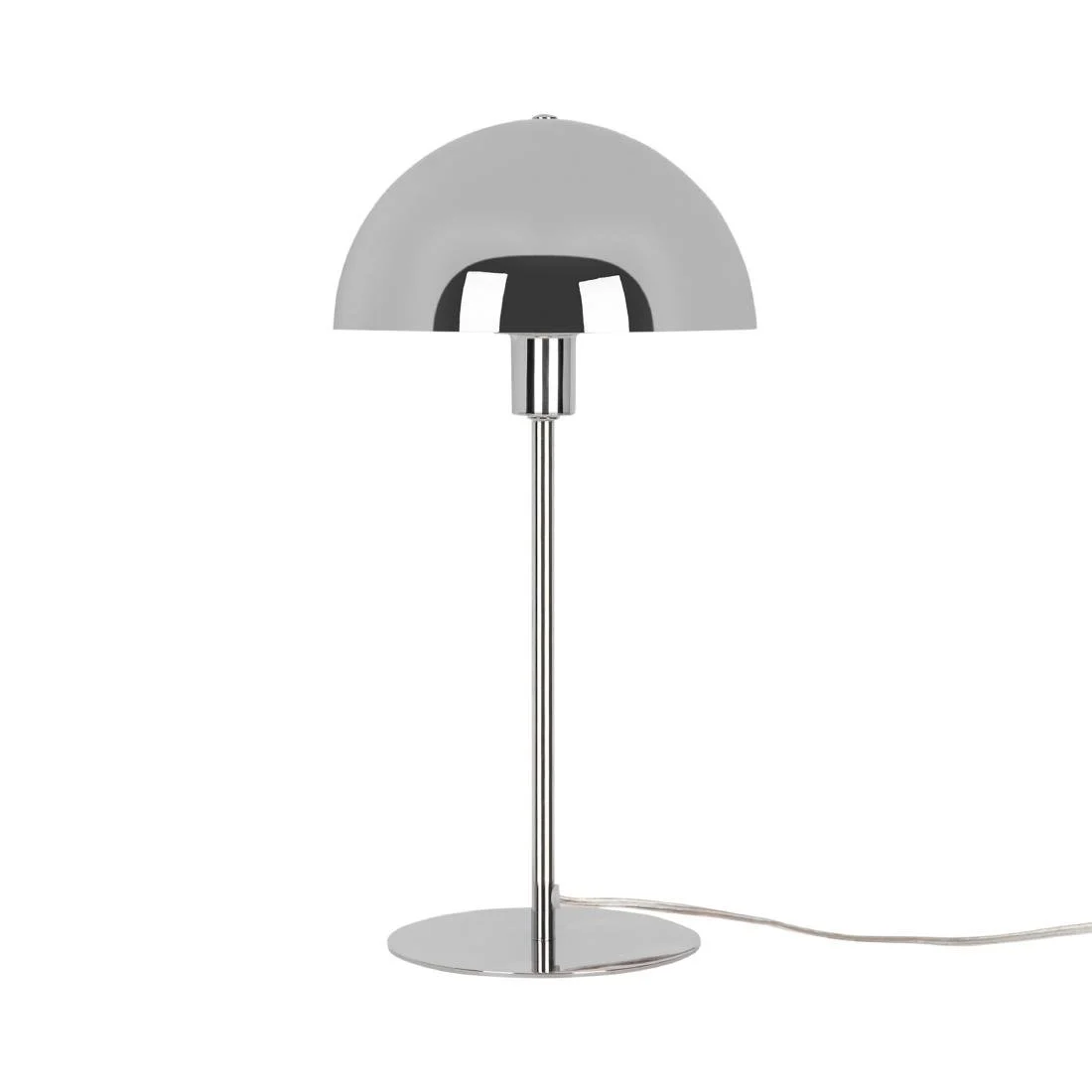 Nordlux Ellen 20 Indoor Table Lamp Chrome - Image 3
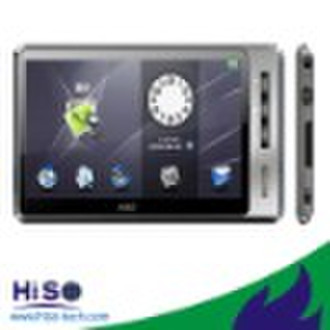 MP5 player - HS586 4.3 inch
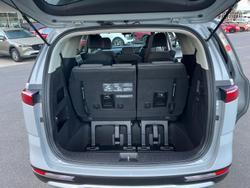 2022 Kia Carnival S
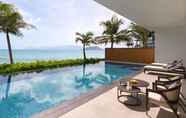 Swimming Pool 2 Gran Melia Nha Trang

———

● Exercise prompt: Please retype, exactly as they appear, the lines from the one with "2022 Kia Carnival S" through the final line of the material, both included, and drop any pictures.

● Result:
 2022 Kia Carnival S
 Swimming Pool 2 Gran Melia Nha Trang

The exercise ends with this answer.